Cashew Nut Chicken just like they serve at your favorite Chinese restaurant.
I’ve mentioned before that I am lucky enough to be married to man who pretty much loves everything I make. So sometimes it is hard for me to gauge how good something really is because he likes everything. There have been a few rare instances where he hasn’t liked something and believe me I have never made that again.
Last week I made an old family standby dinner that I hadn’t made in quite a while. I think my husband told me at least three times during the meal how much he liked it. I always get at least one Yum but when I get it three times I KNOW it’s a good one.

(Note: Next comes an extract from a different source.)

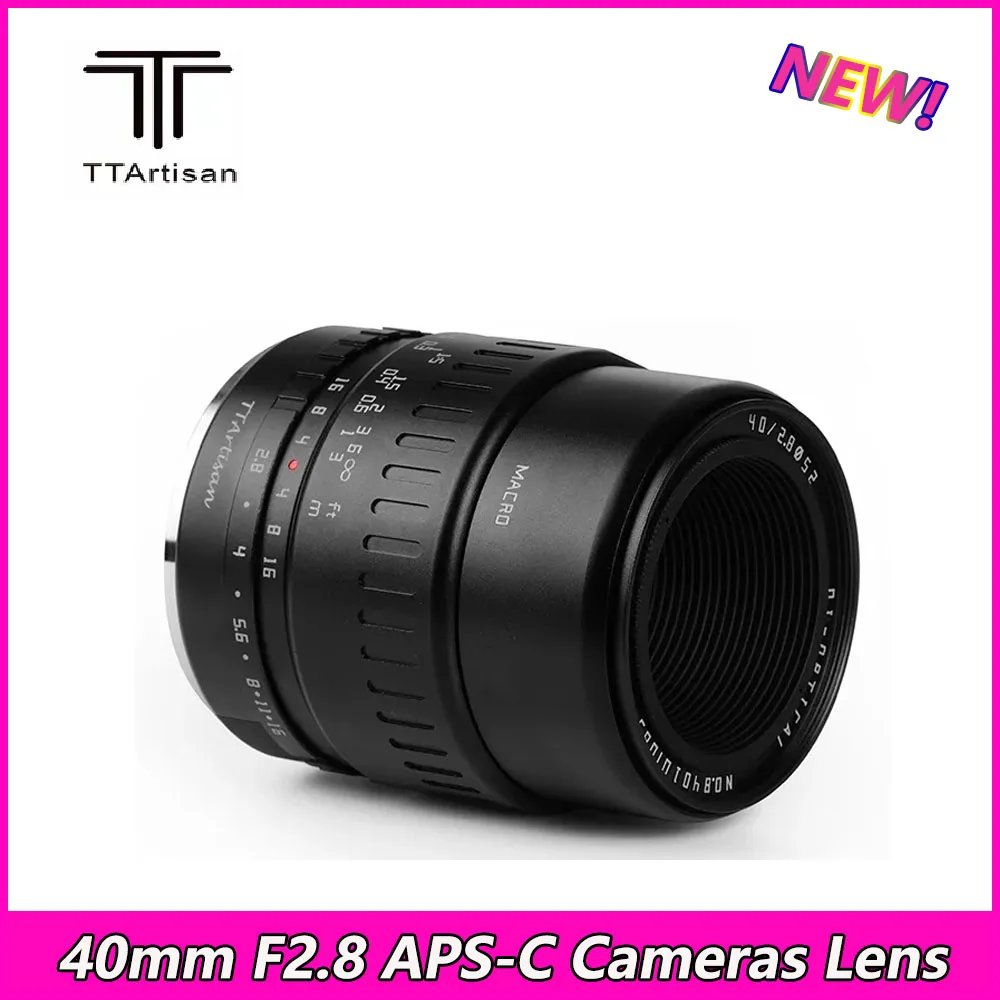 Obiettivo Macro Ttartisan 40Mm F2.8 Per Sony E Fuji X Canon M Panasonic Olympus M43 Nikon Z Mount Fotocamere Mf Aps-C Obiettivo Macro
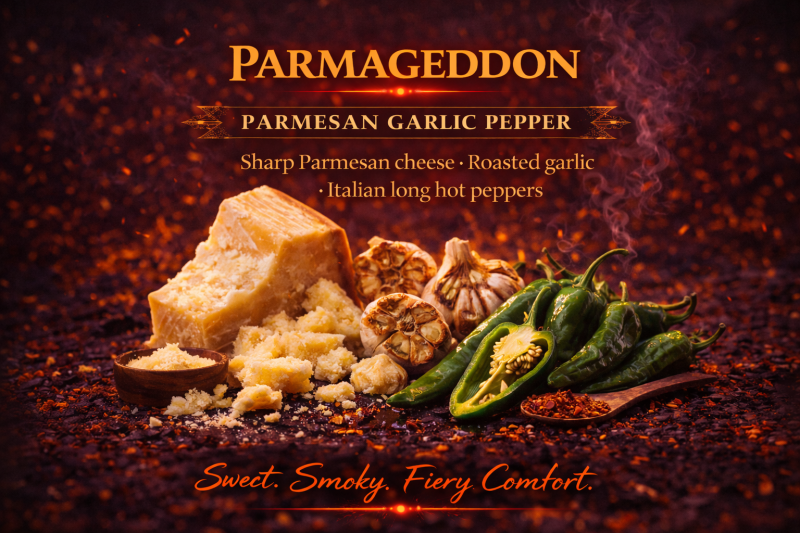 Parmageddon — Garlic Parmesan Pepper Hot Sauce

So today’s recipe is that 3 Yum recipe! Cashew Nut Chicken.
This is the dish I always order when we go out for Chinese food. I love cashew nut chicken.
We have one of those funny family stories that we tell and retell just about every time we go out for Chinese food and order cashew nut chicken. Which is every time we go out for Chinese food.
I was pregnant with our second son Clark. As always, we ordered cashew nut chicken. My favorite part is the cashews so this particular evening I had made a little pile of cashews on my plate to save for the very end, so I could savor them. Well, I had to get up to go to the bathroom during dinner (remember I was pregnant) and when I came back my cashews were gone.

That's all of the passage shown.